Skip to main content

 none
Intel graphics hardware H264 MFT ProcessInput call fails after feeding few input samples, the same works fine with Nvidia hardware MFT RRS feed

  • Question

  • I'm capturing the desktop using DesktopDuplication API and converting the samples from RGBA to NV12 in GPU and feeding the same to MediaFoundation hardware H264 MFT. This works fine with Nvidia graphics, and also with software encoders but fails when only intel graphics hardware MFT is available. The code works fine on the same intel graphics machine if I fallback to Software MFT. I also have ensured that the encoding is actually done in hardware on Nvidia graphics machines.

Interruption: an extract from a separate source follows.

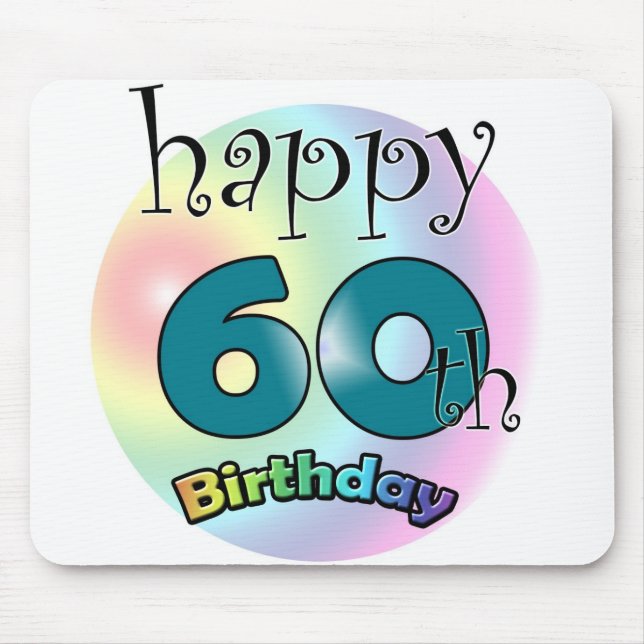 Happy 60th birthday mouse mat (Front)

    On Intel graphics, MFT returns MEError ("Unspecified error"), which happens just only after the first sample is fed, and subsequent calls to ProcessInput (when event generator triggers METransformNeedInput) returns "The callee is currently not accepting further input". It's rare that MFT consumes a few more samples before returning these errors. This behavior is confusing, I'm feeding a sample only when the event generator triggers METransformNeedInput asynchronously through IMFAsyncCallback, and also checking properly whether METransformHaveOutput is triggered as soon as a sample is fed. This really baffles me when the same asynchronous logic works fine with Nvidia hardware MFT & Microsoft software encoders.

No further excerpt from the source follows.